A Brief History of Christmas

This holiday season, I’d like to focus on the facts of Christmas that many don’t know and don’t bother to take the time to look up. For example, why do we celebrate Christmas? How was it actually established? What is the significance of the symbols we associate with Christmas like Christmas trees, the star at the top of that tree and other ornaments, or even Christmas tree lights?

Many popular customs associated with Christmas developed independently of the commemoration of Jesus’ birth, with certain elements having origins in pre-Christian festivals that were celebrated around the winter solstice by PAGAN populations who were later converted to Christianity.

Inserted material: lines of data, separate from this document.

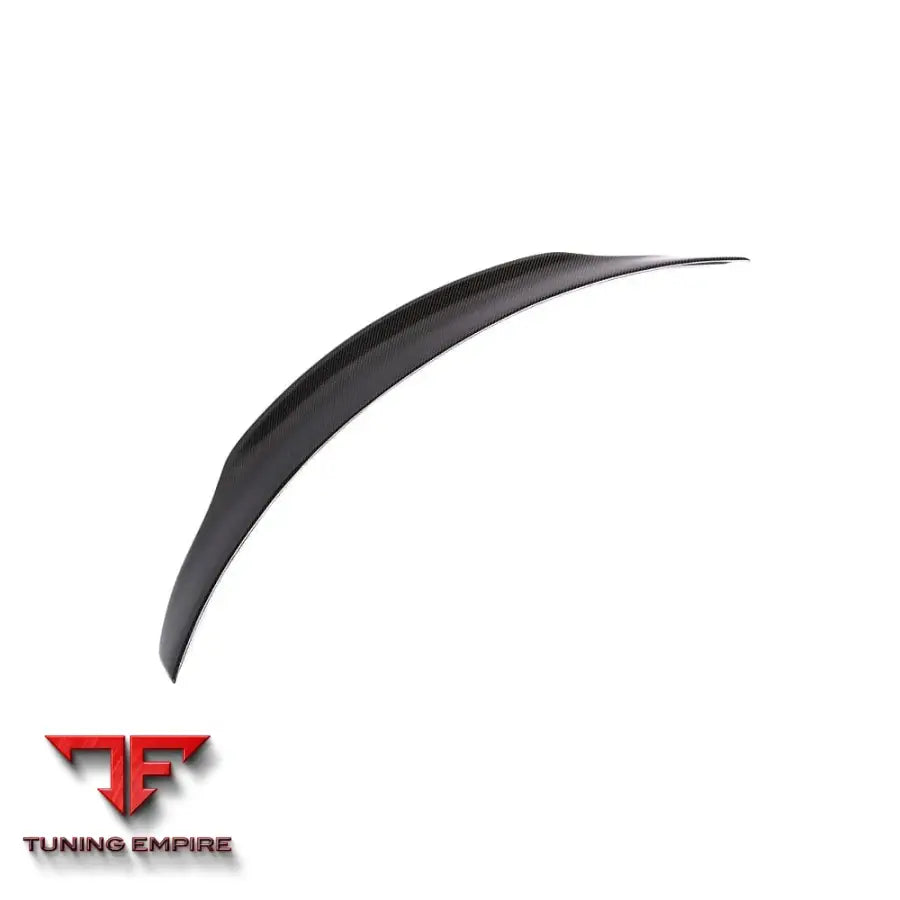 MERCEDES C63/C63S W205 COUPE CARBON SPOILER - V1 - CT CARBON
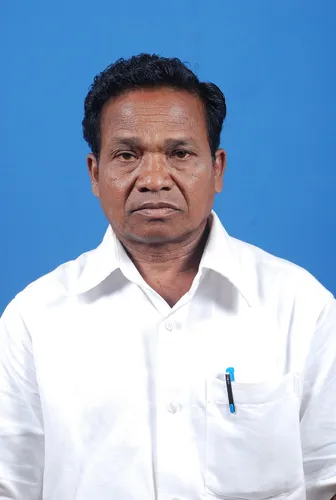 Ramamurty Mutika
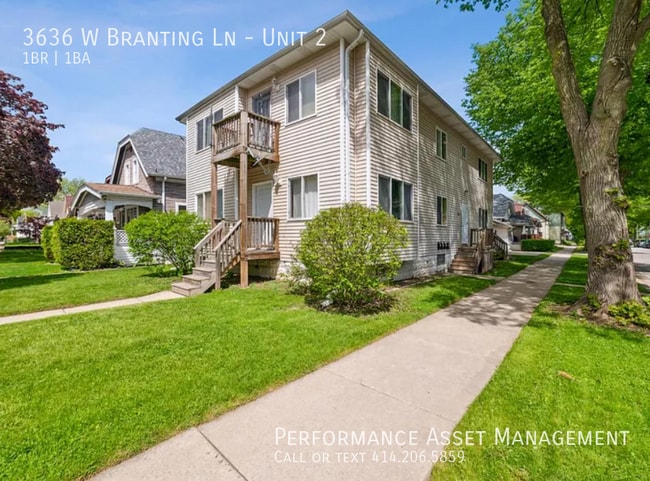 property at 3636 W Branting Ln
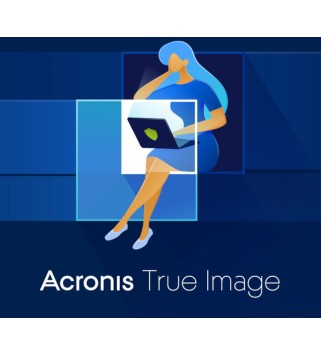 Acronis True Image 2025 Essentials 1 Jahr / 1 Key EUROPE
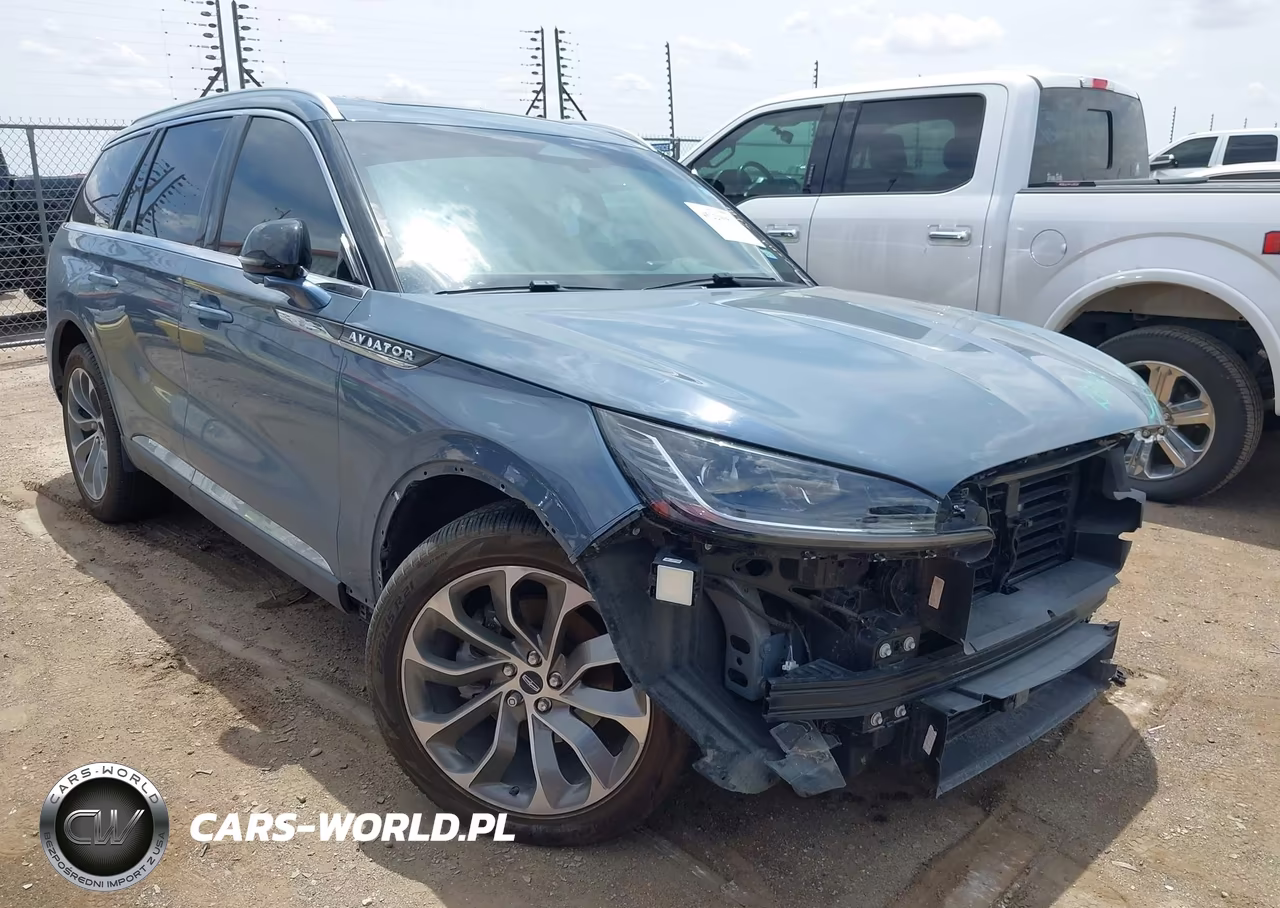 2025 Lincoln Aviator Reserve – zdjęcie 1 z 16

Check out the following list of symbols and their meanings:

  1. Christmas Trees: Pagans used branches to decorate their homes during the winter solstice, as an early thought of the spring to come. The Romans used Fir Trees to decorate their temples at the festival of Saturnalia. Christians used it as a sign of everlasting life with God.
  2. Star tree topper/ornaments: At first, a figure of the Baby Jesus was put on the top of the tree. Over time it changed to an angel/fairy that told the shepherds about Jesus, or a star like the Wise Men saw. In Germany, the first Christmas Trees were decorated with edible things, such as gingerbread and gold covered apples. Then, glass makers created special ornaments similar to the ones we use today.
  3. Christmas Tree Lights: In 1880, Thomas Edison put new electric light bulbs around his office. In 1882 Edward Johnson, who was a colleague of Edison, hand-strung 80 red, white and blue bulbs together and put them on his tree in his New York apartment along with two additional strings of 28 lights mounted from the ceiling! Electric tree lights first because widely known in the USA in 1895 when President Cleveland had the tree in the White House decorated with lights for his daughters.

I hope you enjoyed this brief post about the history of Christmas. Happy Holidays and Have a Happy New Year!